__Records supplied__
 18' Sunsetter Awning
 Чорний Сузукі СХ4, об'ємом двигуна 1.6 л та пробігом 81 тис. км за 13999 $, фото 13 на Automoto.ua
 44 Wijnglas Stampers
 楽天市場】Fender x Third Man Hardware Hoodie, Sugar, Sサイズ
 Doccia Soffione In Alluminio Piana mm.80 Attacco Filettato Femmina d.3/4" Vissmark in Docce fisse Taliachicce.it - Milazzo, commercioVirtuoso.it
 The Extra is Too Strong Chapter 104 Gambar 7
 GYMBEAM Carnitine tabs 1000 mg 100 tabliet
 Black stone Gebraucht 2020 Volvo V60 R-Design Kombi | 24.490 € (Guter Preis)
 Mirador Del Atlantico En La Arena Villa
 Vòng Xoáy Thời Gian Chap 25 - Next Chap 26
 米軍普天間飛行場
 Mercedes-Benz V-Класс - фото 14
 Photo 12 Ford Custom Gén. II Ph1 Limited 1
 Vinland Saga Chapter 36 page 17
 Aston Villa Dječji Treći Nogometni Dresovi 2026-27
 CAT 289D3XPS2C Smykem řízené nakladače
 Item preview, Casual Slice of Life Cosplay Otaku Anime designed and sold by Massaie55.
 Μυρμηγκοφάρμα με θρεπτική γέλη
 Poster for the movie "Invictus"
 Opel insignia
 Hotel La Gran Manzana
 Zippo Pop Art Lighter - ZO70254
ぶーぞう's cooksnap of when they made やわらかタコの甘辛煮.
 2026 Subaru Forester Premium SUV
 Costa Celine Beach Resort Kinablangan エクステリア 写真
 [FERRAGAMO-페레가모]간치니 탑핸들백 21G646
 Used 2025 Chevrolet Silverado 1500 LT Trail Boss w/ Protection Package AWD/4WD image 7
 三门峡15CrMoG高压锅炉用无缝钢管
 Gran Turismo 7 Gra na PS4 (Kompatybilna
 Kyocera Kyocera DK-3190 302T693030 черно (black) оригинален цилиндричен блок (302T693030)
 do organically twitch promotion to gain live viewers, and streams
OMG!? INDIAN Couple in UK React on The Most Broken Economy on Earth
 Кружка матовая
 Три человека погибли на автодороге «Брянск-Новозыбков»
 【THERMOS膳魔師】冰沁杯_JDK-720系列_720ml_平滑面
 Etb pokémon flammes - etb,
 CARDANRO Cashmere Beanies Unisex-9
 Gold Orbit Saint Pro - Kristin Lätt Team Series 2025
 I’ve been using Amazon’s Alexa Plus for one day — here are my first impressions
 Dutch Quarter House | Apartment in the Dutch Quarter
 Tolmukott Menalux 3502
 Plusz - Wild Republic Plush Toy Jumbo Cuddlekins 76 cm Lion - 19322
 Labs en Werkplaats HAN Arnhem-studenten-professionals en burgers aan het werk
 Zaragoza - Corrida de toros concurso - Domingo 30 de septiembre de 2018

__Task directions__
Taking the records above, retype every line from the one with "Aston Villa Dječji" down to the one with "do organically twitch", exactly and with nothing else.

__Task result__
 Aston Villa Dječji Treći Nogometni Dresovi 2026-27
 CAT 289D3XPS2C Smykem řízené nakladače
 Item preview, Casual Slice of Life Cosplay Otaku Anime designed and sold by Massaie55.
 Μυρμηγκοφάρμα με θρεπτική γέλη
 Poster for the movie "Invictus"
 Opel insignia
 Hotel La Gran Manzana
 Zippo Pop Art Lighter - ZO70254
ぶーぞう's cooksnap of when they made やわらかタコの甘辛煮.
 2026 Subaru Forester Premium SUV
 Costa Celine Beach Resort Kinablangan エクステリア 写真
 [FERRAGAMO-페레가모]간치니 탑핸들백 21G646
 Used 2025 Chevrolet Silverado 1500 LT Trail Boss w/ Protection Package AWD/4WD image 7
 三门峡15CrMoG高压锅炉用无缝钢管
 Gran Turismo 7 Gra na PS4 (Kompatybilna
 Kyocera Kyocera DK-3190 302T693030 черно (black) оригинален цилиндричен блок (302T693030)
 do organically twitch promotion to gain live viewers, and streams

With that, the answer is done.